GREGORY: I'm going to make that the last word. Good luck. We'll keep asking questions and stay on top of this. Thank you all for being here.
SEC'Y DUNCAN: Thanks so much.
GREGORY: A programming note on education. Our friends at MSNBC's "Morning Joe" are going to New Orleans this Friday. They're going to be broadcasting live from the John McDonogh High School to kick off the Brewing Together Day of Service in partnership with Starbucks. They'll be stressing the importance of education as they reach out to a school still reeling from Hurricane Katrina. It's a special edition of "Morning Joe" coming up this Friday from 6 to 9 AM Eastern on MSNBC.
Comments:
By: Curious
The Blind Leading the Blind
When Arne first left Chicago I was thrilled...Then it dawned on me that he will push all his idiotic policies to an entire nation!! NOOOOO!!!! Be responsible for your children failing and be punished. Well, when do we hold the students accountable? And the parents? and the LSC's? Or the fact that not everyone learns at the same rate as everyone else?
The beauty for me in being a teacher is that each of my students learns differently from the person they are sitting next to, that is the challenge and that is the reward when everyone does do well on an assignment, or a test. To think that it rests solely on my shoulders is unrealistic!
Good luck getting anyone else to volunteer to become a teacher, why would anyone want to do this? I mean, I LOVE my students, but half of my work day is doing work for our administration which usually involves testing and data analysis of all those tests.

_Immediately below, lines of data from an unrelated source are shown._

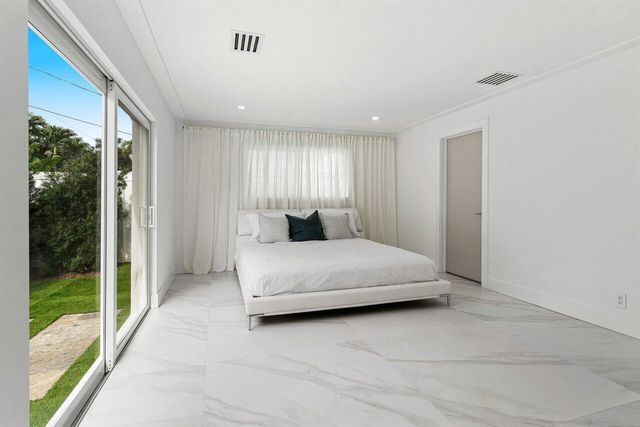 902 SW 27th Place, Boynton Beach, FL 33435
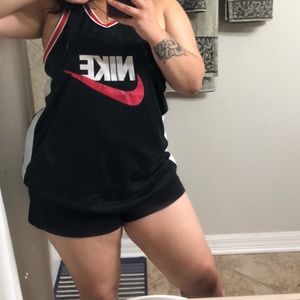 Vintage nike basketball tee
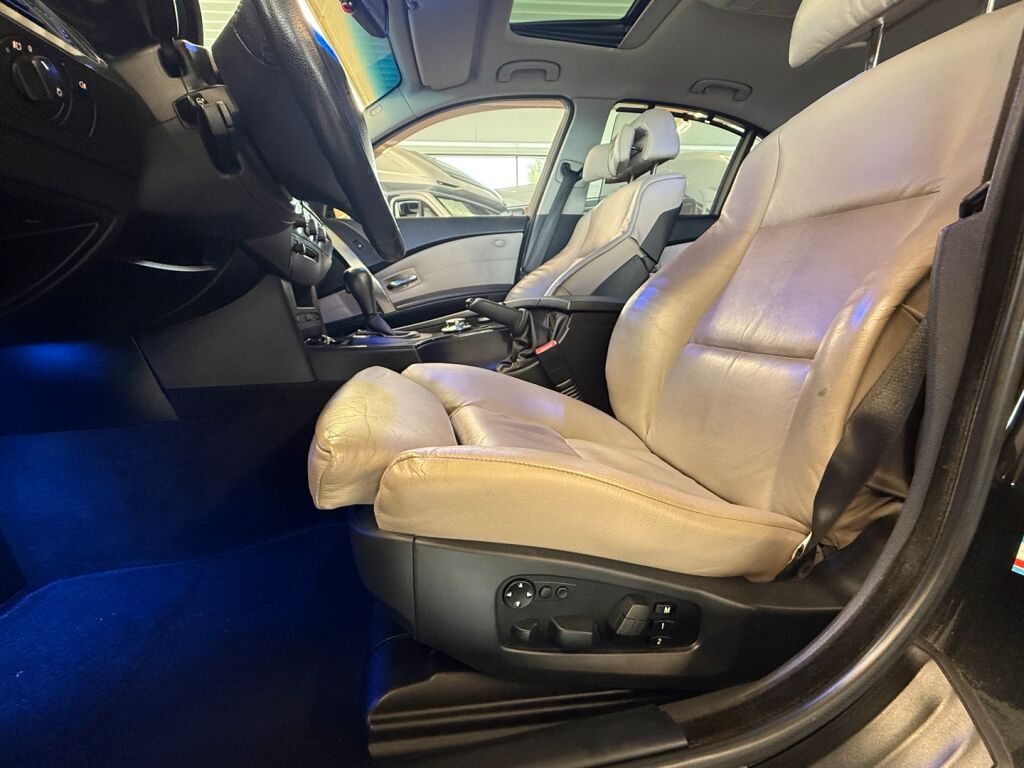 BMW 530 2003 Musta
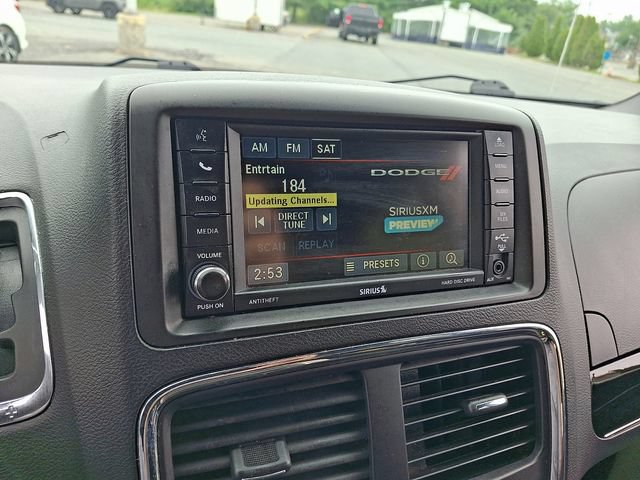 Used 2016 Dodge Grand Caravan SXT FWD image 18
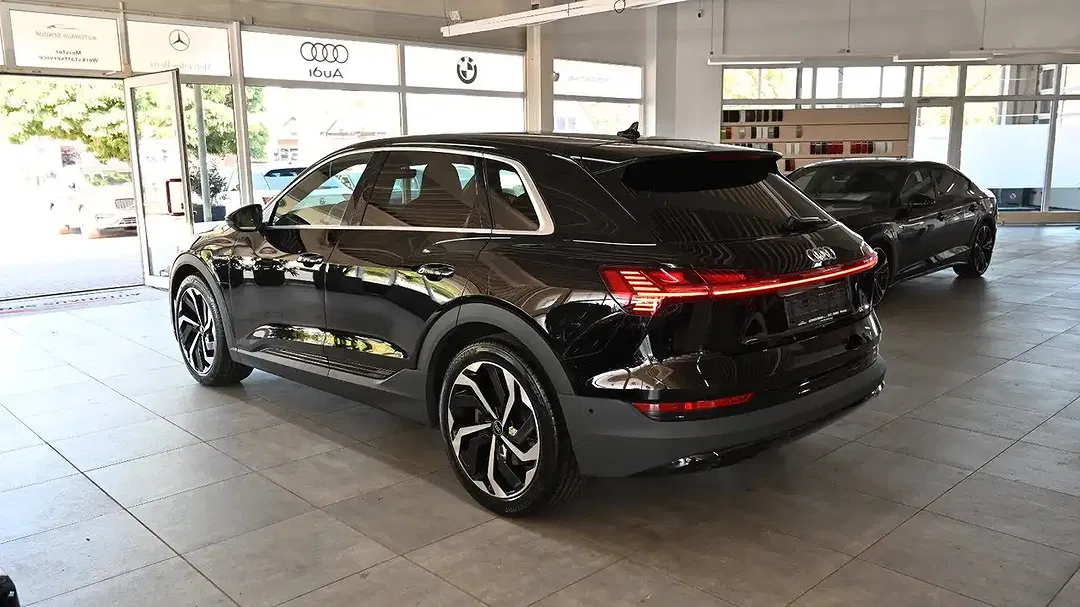 Audi e-tron 55 quattro - Thumbnail 6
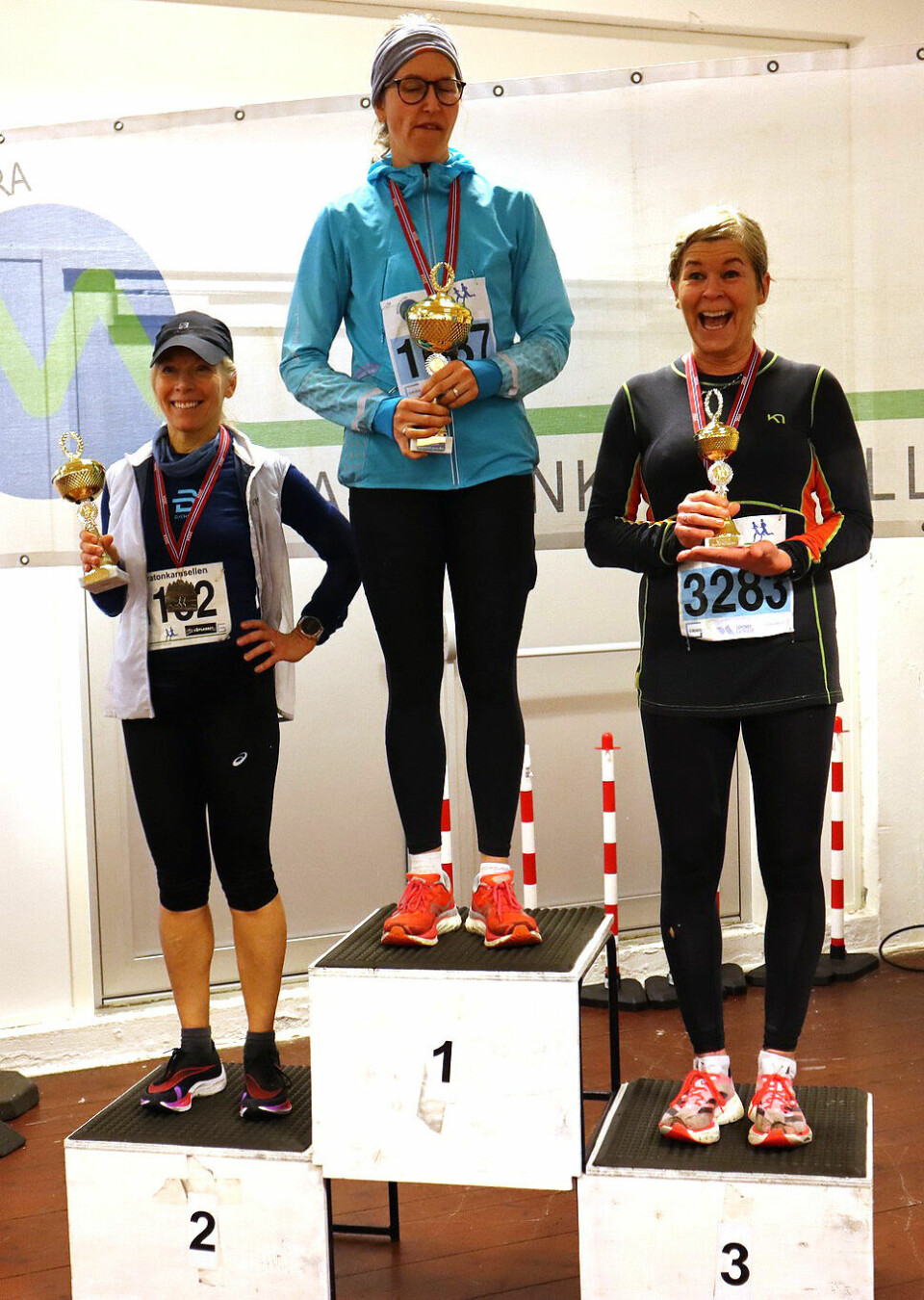 Premiepallen maraton kvinner. Elisabeth Ulset, Bergen vant på 3.23.35 foran Jill Terserud, Bergen på 3.38.39 og Karianne Jørgensen, Loddefjordløperne på 3.47.38.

I have only been teaching for 6 years and if I knew then what I know now about what it really means to be a teacher I may have considered a different career.
I continue to LOVE my job because of the students, not because of the bozo's who have never even stepped foot into a classroom making policies for those of us who chose to become teachers.
By: Margaret Wilson
Retired teacher
I taught for CPS for over 30 years and at times, miss it. However, if I had to make an informed decision today as a young teacher, I believe that my decision would have been to go into a different career. Many other jobs allow you to retire after 25 years with full pension regardless of age. Teachers should be allowed to do the same because our jobs are just as demanding and we were so many hats. Every teacher is a police officer, social worker, parent, mediator as well as a teacher. All too many of us have had to stand up to a student bringing a weapon to the classroom and have had to try and talk the student down while protecting the other student to try and get the weapon away safely. At the same time, we often risk our lives to protect our students. I loved my job and I loved my students but I don't think many respect us as professionals so to an extent it is a thankless job. I agree with curious. Decision makers should be people that have had experience in the classroom and know what it is like for us on a daily basis.
By: Zeta
The Three Stooges
I feel like I have just read a transcript from an episode of The Three Stooges. The only question I have is which one is MO, which one is Larry and which one is Curly? One thing I do know is they all deserve a slap in the face for this ridiculous attempt at explaining something that neither of them know anything about and that is education.